The discordant but strangely gelling riffs mesh in a heady frantic feel on ‘Dripping Into Orbit’ making you feel like your brain is dripping out your skull as Czral adds more literary sounding randomness that would now possibly even make Edward Lear sit up and make notes to the overall tableaux. The jazz laden technicality is precise and the jagged feel of the music is completely in free fall. What anything is actually about is beyond me as ‘Steamer’ floats off on a voyage like some stranded ship being buoyed down an Amazonian path enriched with the sort of bewilderment as if captained by Kinski in a Herzog movie. Apparently there are some guests on the album including Voivod guitarist Dan Mongrain who provides a solo, without more information it is impossible to fathom just where his contribution lands up. ‘Gravity Seeker’ is more upbeat and grooves and chugs away “twisting through the mind” like a fever dream or a very hallucinatory sickness with the viral load taking full grip.
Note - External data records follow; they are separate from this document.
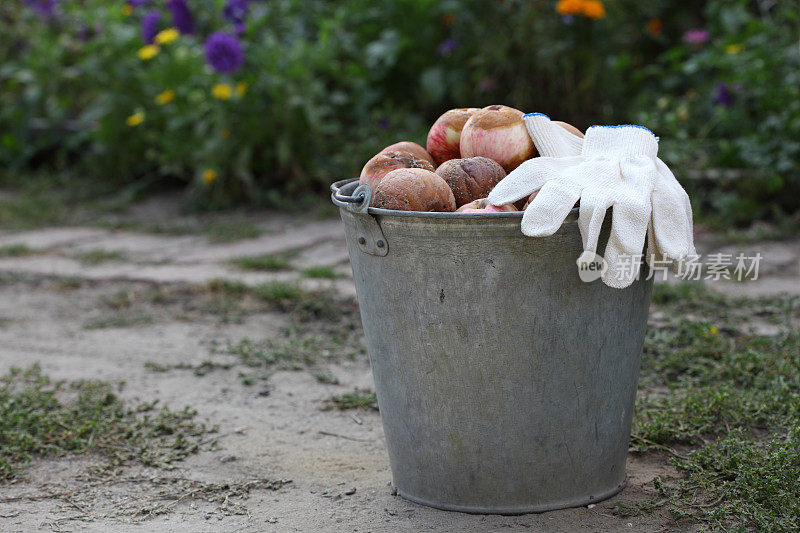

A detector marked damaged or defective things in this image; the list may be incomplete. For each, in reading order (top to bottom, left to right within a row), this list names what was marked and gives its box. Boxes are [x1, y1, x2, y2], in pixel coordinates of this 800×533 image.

rusted bucket body [332, 179, 648, 512]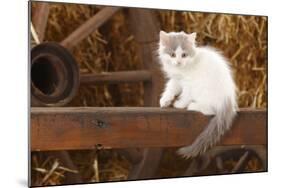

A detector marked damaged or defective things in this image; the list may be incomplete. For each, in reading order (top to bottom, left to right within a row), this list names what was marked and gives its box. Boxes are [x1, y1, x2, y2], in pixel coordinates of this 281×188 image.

rusty wagon wheel [32, 2, 164, 184]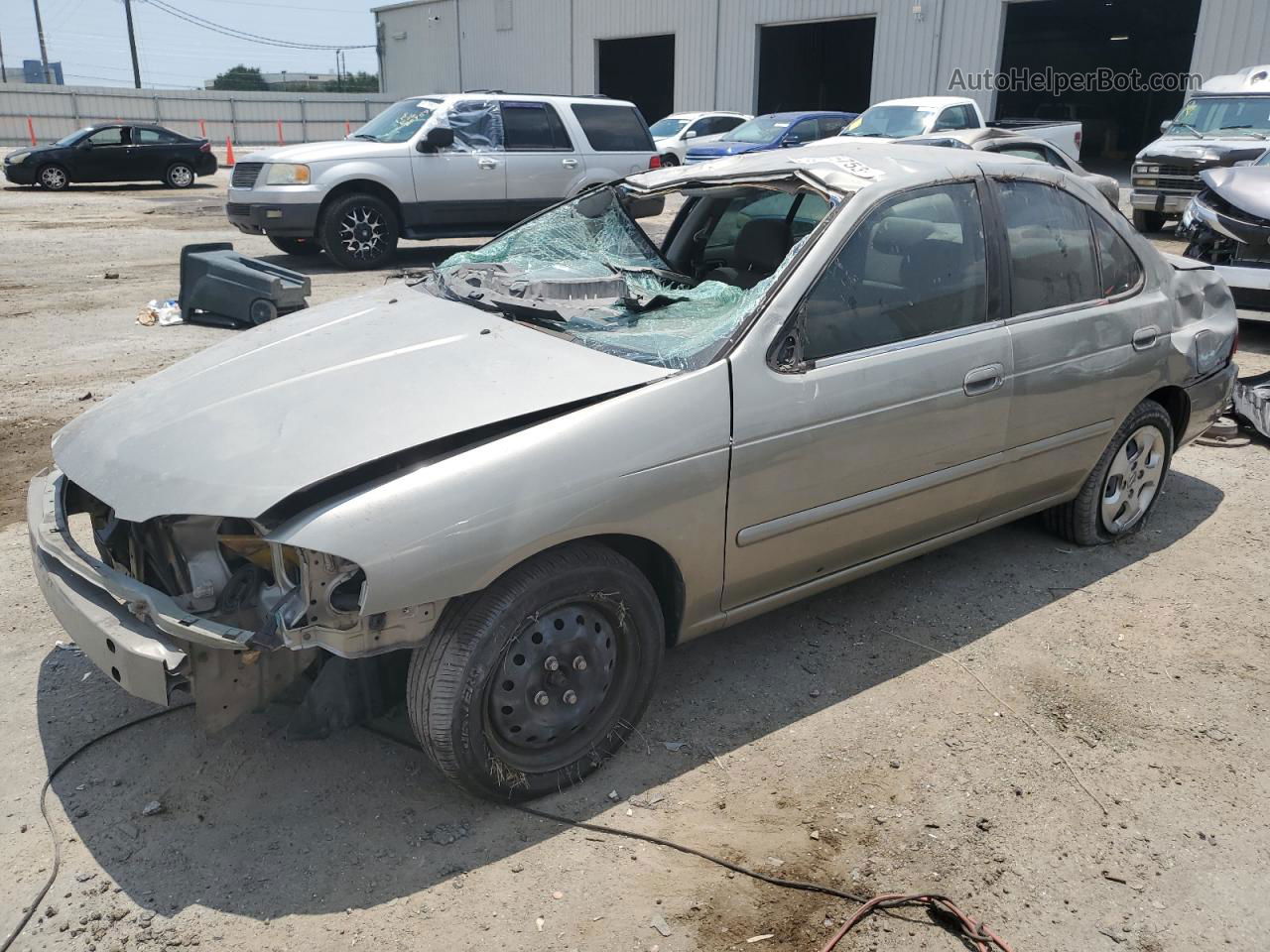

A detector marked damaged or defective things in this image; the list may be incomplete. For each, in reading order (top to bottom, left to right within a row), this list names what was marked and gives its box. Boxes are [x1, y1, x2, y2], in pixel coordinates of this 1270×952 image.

crumpled hood [239, 139, 409, 165]
shattered windshield [352, 97, 442, 143]
crumpled hood [686, 139, 762, 157]
shattered windshield [842, 107, 935, 139]
shattered windshield [1163, 97, 1270, 139]
crumpled hood [1204, 167, 1270, 222]
shattered windshield [432, 182, 837, 373]
broken windshield glass [432, 182, 837, 373]
crumpled hood [55, 286, 670, 523]
damaged tan sedan [27, 139, 1239, 796]
damaged silver car [27, 139, 1239, 796]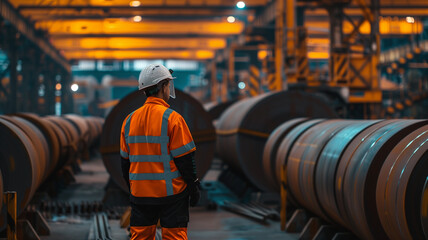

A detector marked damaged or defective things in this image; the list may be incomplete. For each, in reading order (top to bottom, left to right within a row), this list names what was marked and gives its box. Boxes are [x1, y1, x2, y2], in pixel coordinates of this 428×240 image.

Over a 45 minute running time Virus do so much and take you off on such an odd journey that you should feel completely disorientated; somehow though I don’t and as the cantering and shimmering chords and oblique time changes ‘Phantom Oil Slick’ spreads out in a black morass I know I’m going to get drawn back to this again and again. Apparently live dates and festivals are in the offing and I really hope that I get the chance to see Virus again in the flesh (although not supporting a self-indulgent Ulver this time). They have certainly provided one of the weirdest soundtracks to 2016 that you are likely to encounter; my only hope is that this review goes part the way to explain what you can expect.